---------- Available records ----------
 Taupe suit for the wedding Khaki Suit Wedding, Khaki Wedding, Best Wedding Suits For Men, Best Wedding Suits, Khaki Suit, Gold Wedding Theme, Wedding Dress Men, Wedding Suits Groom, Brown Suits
----------
---------- Available records ----------
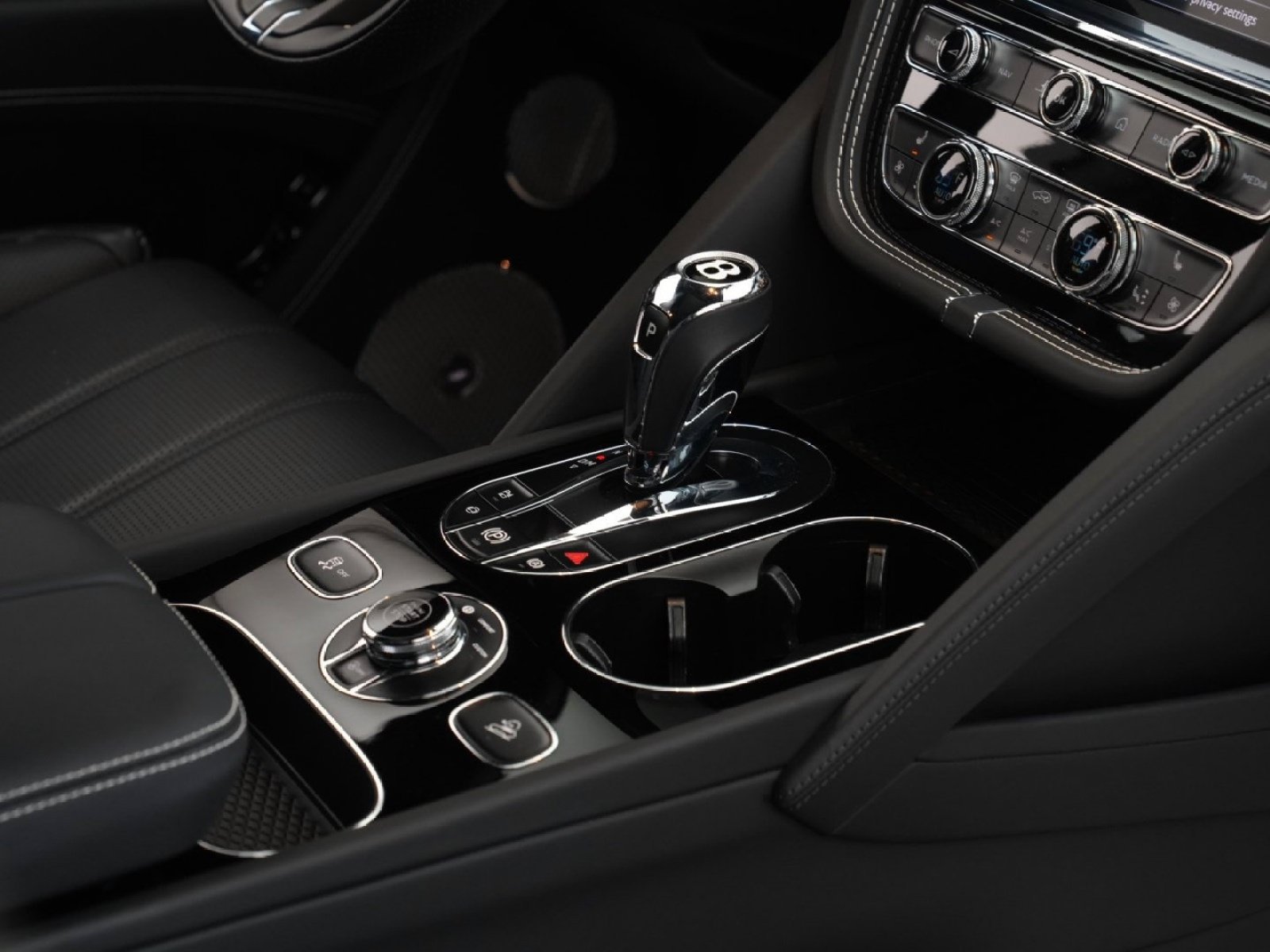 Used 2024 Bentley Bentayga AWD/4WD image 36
----------
---------- Available records ----------
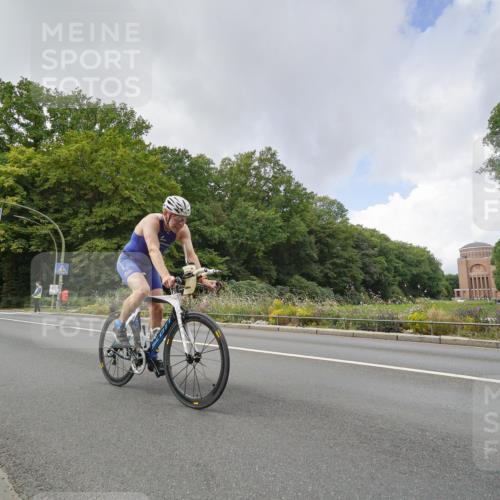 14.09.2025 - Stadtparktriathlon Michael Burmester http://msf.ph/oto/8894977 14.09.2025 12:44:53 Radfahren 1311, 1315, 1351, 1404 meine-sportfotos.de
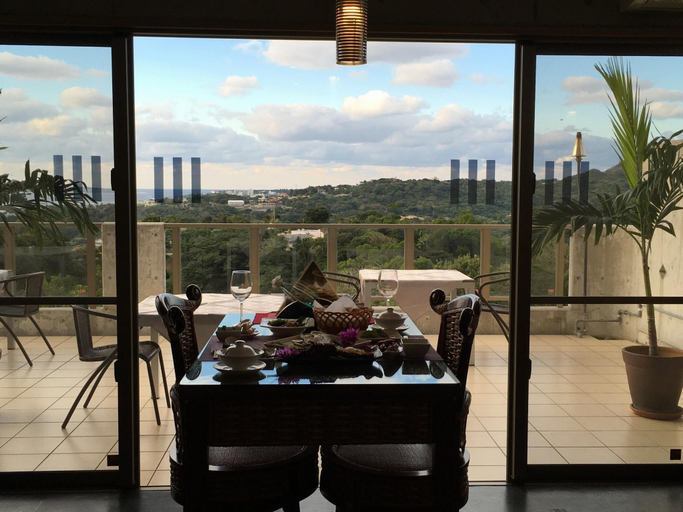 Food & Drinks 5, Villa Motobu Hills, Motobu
----------
Once the line with "14.09.2025 - Stadtparktriathlon" is found above, transcribe each line from it through the line with "Food & Drinks 5, Villa Motobu Hills, Motobu", exactly, and omit the pictures.

 14.09.2025 - Stadtparktriathlon Michael Burmester http://msf.ph/oto/8894977 14.09.2025 12:44:53 Radfahren 1311, 1315, 1351, 1404 meine-sportfotos.de
 Food & Drinks 5, Villa Motobu Hills, Motobu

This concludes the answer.